Pourquoi assimilez-vous les organisateurs d’expositions et d’événements artistiques à des « DJ culturels » ?

Le battage médiatique dont s’accompagnent les expositions-événements est directement proportionnel à la confusion qu’elles génèrent. Il n’est pas indifférent que la mode soit justement au faux dialogue, reposant sur le même principe de similarité pour toujours aboutir à la neutralisation des œuvres présentées. C’est le travail de nouveaux bateleurs.

Ne pensez-vous pas qu’il soit possible de réenchanter les musées ou de les réinventer ?

Pourquoi pas, même si on n’en prend guère le chemin. Il faudrait que ceux qui en sont responsables prennent leur distance avec la dictature de la visibilité qui détermine aujourd’hui toutes les politiques culturelles. Ce qui vaut pour les artistes. Il est grand temps que les uns et les autres mesurent la multiplicité des enjeux autour du nouveau statut d’une image qui s’est laissé corrompre.

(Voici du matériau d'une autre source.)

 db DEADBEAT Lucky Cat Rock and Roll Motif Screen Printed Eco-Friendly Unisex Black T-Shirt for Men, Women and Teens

Le titre du livre, qui se réfère à Victor Hugo, suggère-t-il que l’art puisse disparaître ?

La question est plutôt de savoir s’il y a encore un artiste ou quiconque d’autre pour hurler en entendant le conseiller financier-essayiste Alain Minc célébrer l’entreprise commerciale de la Collection Pinault : « C’est un manifeste politique ! Une expo d’anarchistes avec des Noirs, des marginaux qui disent qu’être capitaliste c’est être sensible aux transformations du monde. » (Le Monde du 14 mai 2021). Jusqu’à quand nous laisserons-nous abuser par cette inqualifiable « sensibilité » du capital ? C’est à chacun d’en décider en refusant les images sans imagination, les regards sans yeux et la liberté domestiquée qu’on a le cynisme de nous faire prendre pour la vie, verte ou non.

Propos recueillis par Olivier Rachet

Annie Le Brun et Juri Armanda, Ceci tuera cela -Image, regard et capital, éditions Stock, 306 p., 260 DH.